Time to abolish regional wage boards—labor group

Saying that the regional wage boards have effectively prevented the resumption of the legislation of national minimum wages for almost 30 years now, the SENTRO NG MGA NAGKAKAISA AT PROGRESIBONG MANGGAGAWA (SENTRO) is renewing its call for their abolition!

According to Daniel Edralin, SENTRO Vice-Chairperson for the Private Sector, the said wage boards had not, and will never, issue adequate adjustments in the minimum wages because these 7-member boards are dominated employers, 2 from the private sector, and 3 from agencies of the Government, itself the largest employer in the country.

“What can the remaining 2 union representatives do during board deliberations and decision-making when the total 5 private and Government employer representatives agree to continue enforcing the National Government’s cheap labor policy?” Edralin asked.

“The Government actually decides on the amounts of minimum wage raises with its 3 representatives (from DTI, NEDA and DOLE) needing only one more vote, which most of the time come from the 2 employers, who in turn will agree only to the lowest amount possible,” he related from experience.

Edralin also lambasted the Government’s cheap labor policy, which is primarily the reason for the freeze in real wages in the past almost three decades.

He noted that such low wage policy was premised on its helping attract foreign investors, and making local businesses globally competitive. “But what is really needed is for Government to do away with this cheap wage policy, and instead formulate a real Industrial Policy, not just have road maps submitted by favored employers to promote their businesses,” Edralin added.
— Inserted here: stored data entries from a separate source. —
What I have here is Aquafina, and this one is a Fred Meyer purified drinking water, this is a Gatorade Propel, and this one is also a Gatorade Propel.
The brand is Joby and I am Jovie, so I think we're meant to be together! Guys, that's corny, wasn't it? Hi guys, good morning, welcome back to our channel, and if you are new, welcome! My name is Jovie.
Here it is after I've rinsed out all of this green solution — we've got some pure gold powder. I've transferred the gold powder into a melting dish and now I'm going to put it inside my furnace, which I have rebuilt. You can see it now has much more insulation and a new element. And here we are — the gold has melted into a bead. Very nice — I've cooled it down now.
SENTRO Secretary-General Josua Mata, in turn, recalled that prior to the enactment of RA 6727 (Wage Rationalization Act of 1989), which created the regional wage boards, the Government was more considerate to the plight of Filipino workers.
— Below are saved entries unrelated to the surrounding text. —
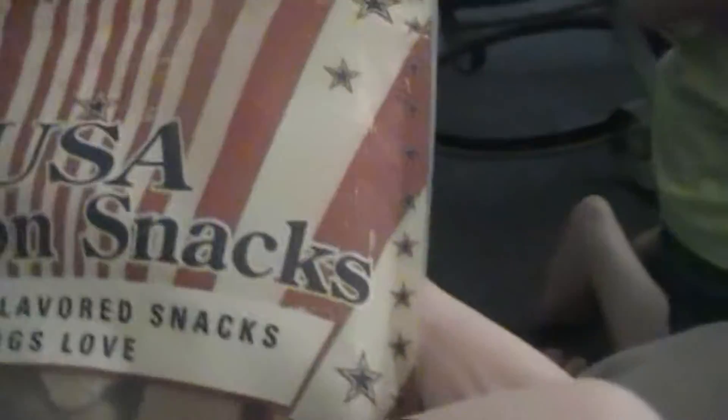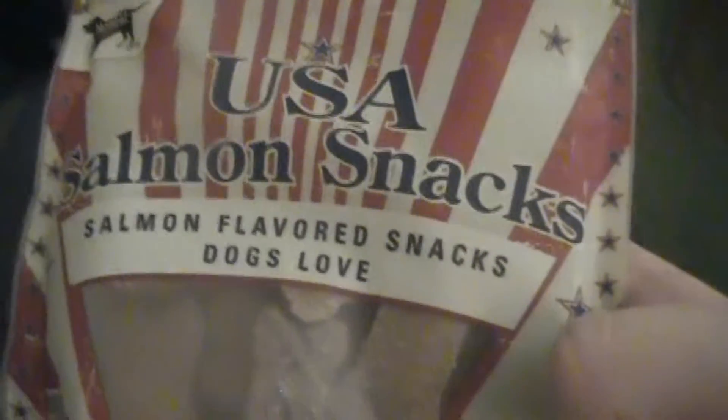Let's see. I gotta show it on camera before you open it. Here we go — made in the USA. Okay guys, let's see if the dog likes it. Don't open it yet, I'm gonna show another thing. Another treat that he got is Max salmon flavored dog snacks. Dogs love it — supposedly Max will too. He's got the pig ear.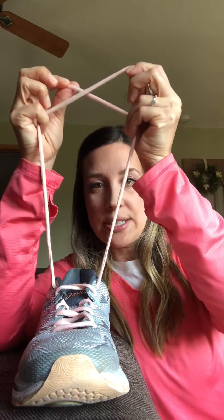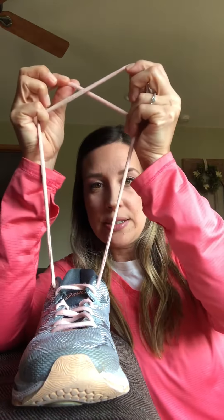Everybody is a different learner, and that's why there are different ways to learn how to tie shoes. So if one way isn't working, move on and try the next one. Let's get started.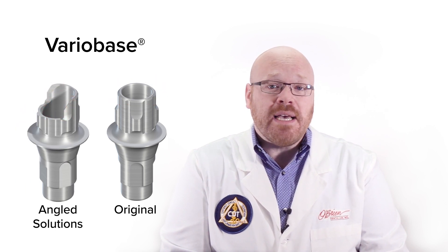My favorite thing about this system is the flexibility to fabricate restorations not just with CAD, but also hand wax techniques. This is because Straumann designed a new burnout coping to work with the angled solution abutment.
“In 1987, for instance, the Administration then successfully raised the minimum wage three times during that same year, through two executive orders and a congressional act. This happened again in 1984, when minimum wages were raised thrice in succession,” said Mata.

Mata likewise pointed out that the P25/day increase that resulted in the P89/day national minimum wage in 1989, was far more decent (because of its higher purchasing power then) compared to the recent P15, plus the previous P10 COLA converted to basic pay, daily increase, ordered in the NCR, because of their greatly reduced purchasing power.

Both SENTRO leaders further assailed the Government representatives’ natural employer-like inclination to allow only the smallest minimum wage adjustments to private sector workers, anticipating that such higher increases will then be used as basis by public sector workers to demand for similar increases as well.

“It’s really time to do away with regional wage-fixing, since the original claim and intent that it will encourage industries to disperse to areas outside the Metro areas (such as Manila, Cebu and Davao) and other urban areas, has also not been realized,” Edralin urged. Most businesses still concentrate in these urban centers where the bulk of their markets or customers are, intensifying the internal migration to urban centers, and worsening the overcrowding there,” he emphasized.